Work task:
From the line with "MONDIAZ TURE-DLUX 100cm" to the end of the data below, restate each line word for word, both ends included, without the pictures.

++++ Data excerpt ++++

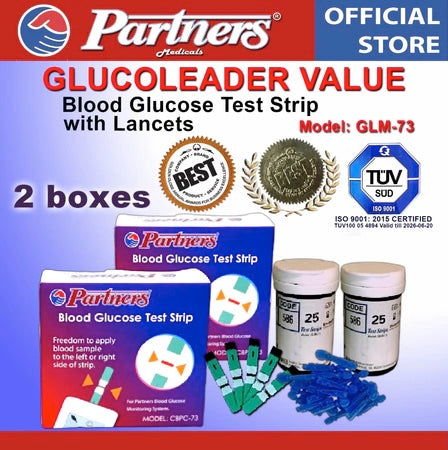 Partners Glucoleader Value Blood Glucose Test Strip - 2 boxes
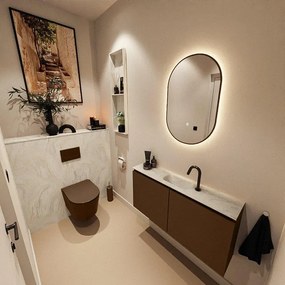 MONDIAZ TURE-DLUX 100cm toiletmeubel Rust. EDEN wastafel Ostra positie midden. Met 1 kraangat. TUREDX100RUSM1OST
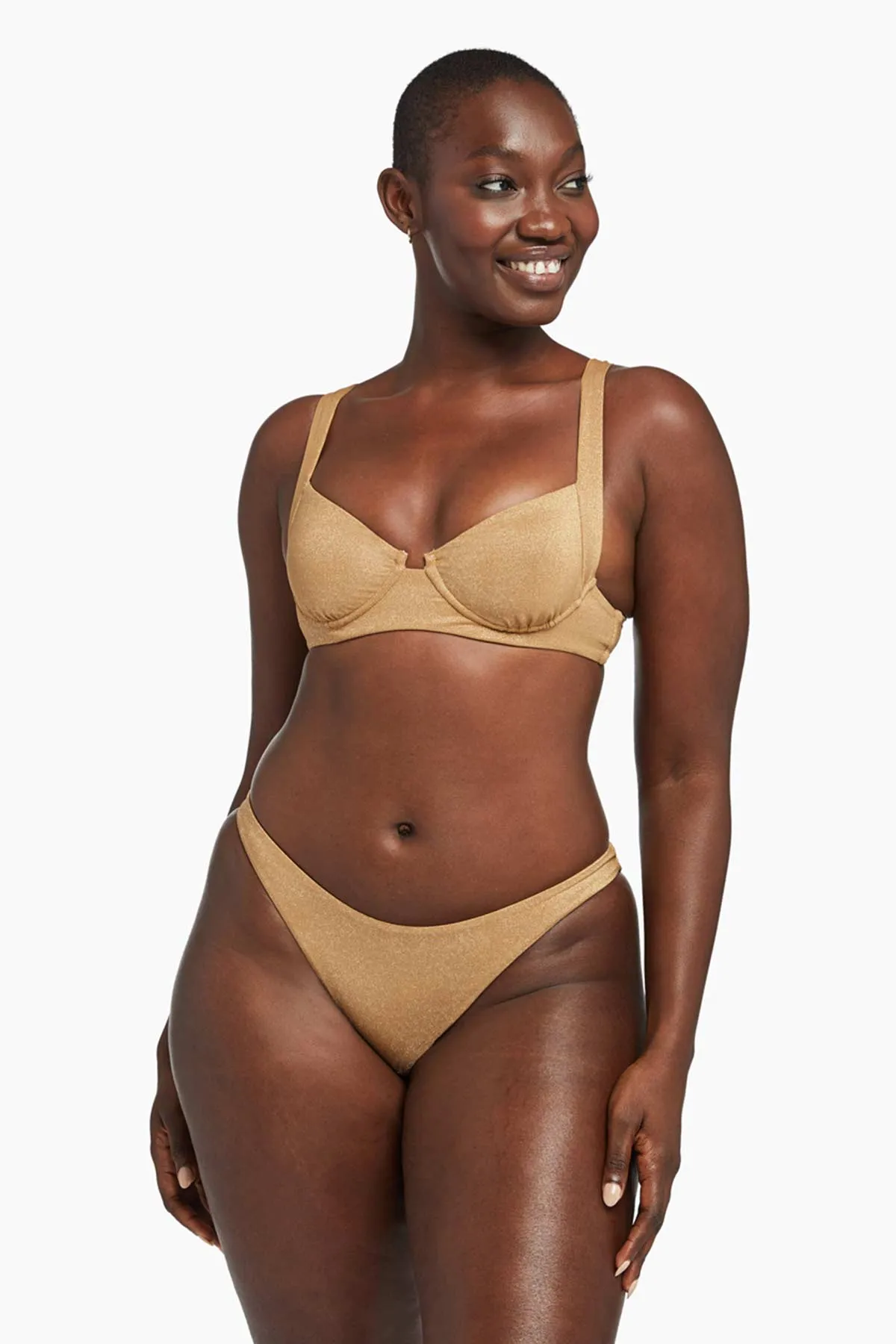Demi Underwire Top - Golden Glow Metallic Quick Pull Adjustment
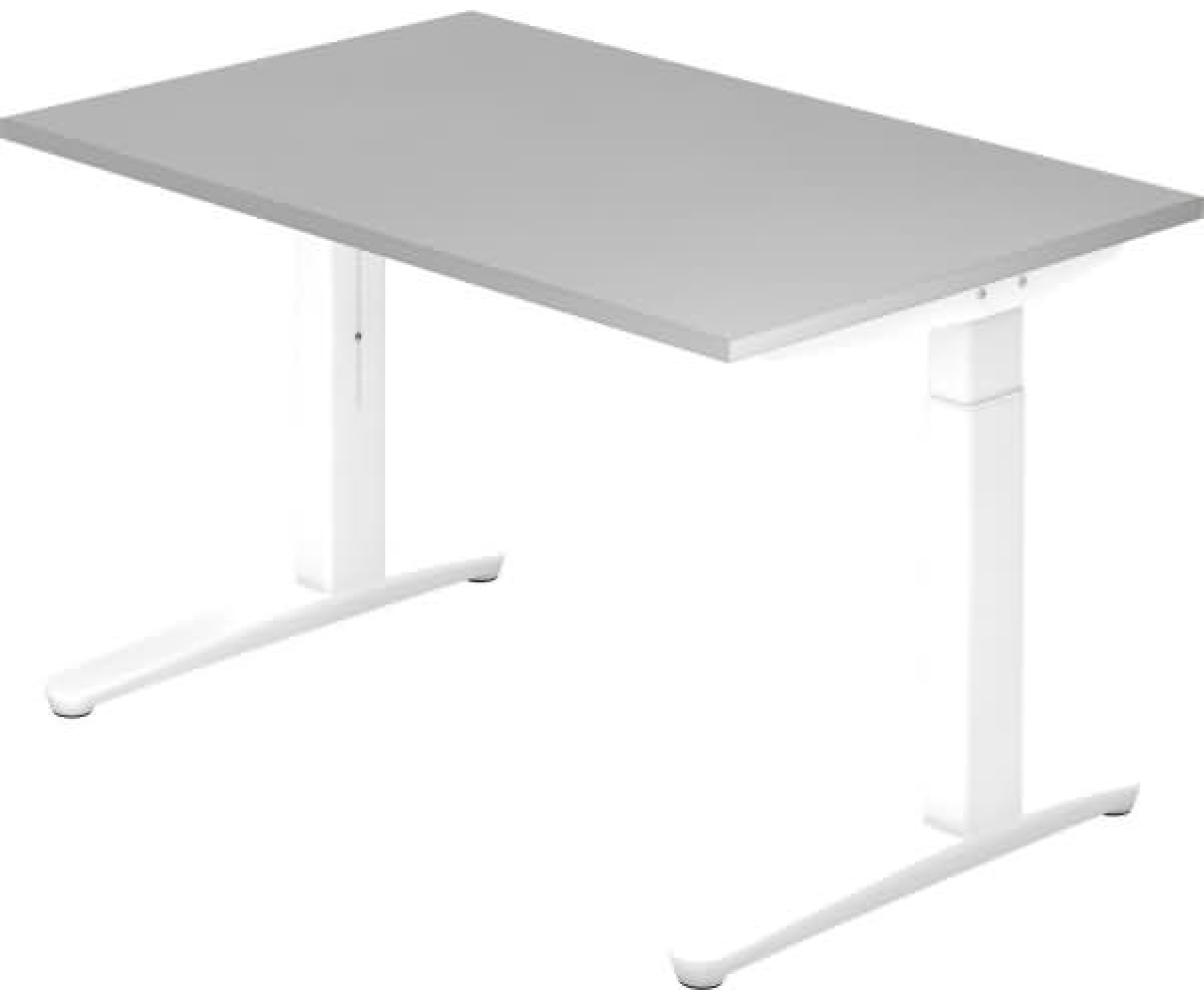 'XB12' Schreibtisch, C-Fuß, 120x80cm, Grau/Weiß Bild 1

++++

Task result:
 MONDIAZ TURE-DLUX 100cm toiletmeubel Rust. EDEN wastafel Ostra positie midden. Met 1 kraangat. TUREDX100RUSM1OST
Demi Underwire Top - Golden Glow Metallic Quick Pull Adjustment
 'XB12' Schreibtisch, C-Fuß, 120x80cm, Grau/Weiß Bild 1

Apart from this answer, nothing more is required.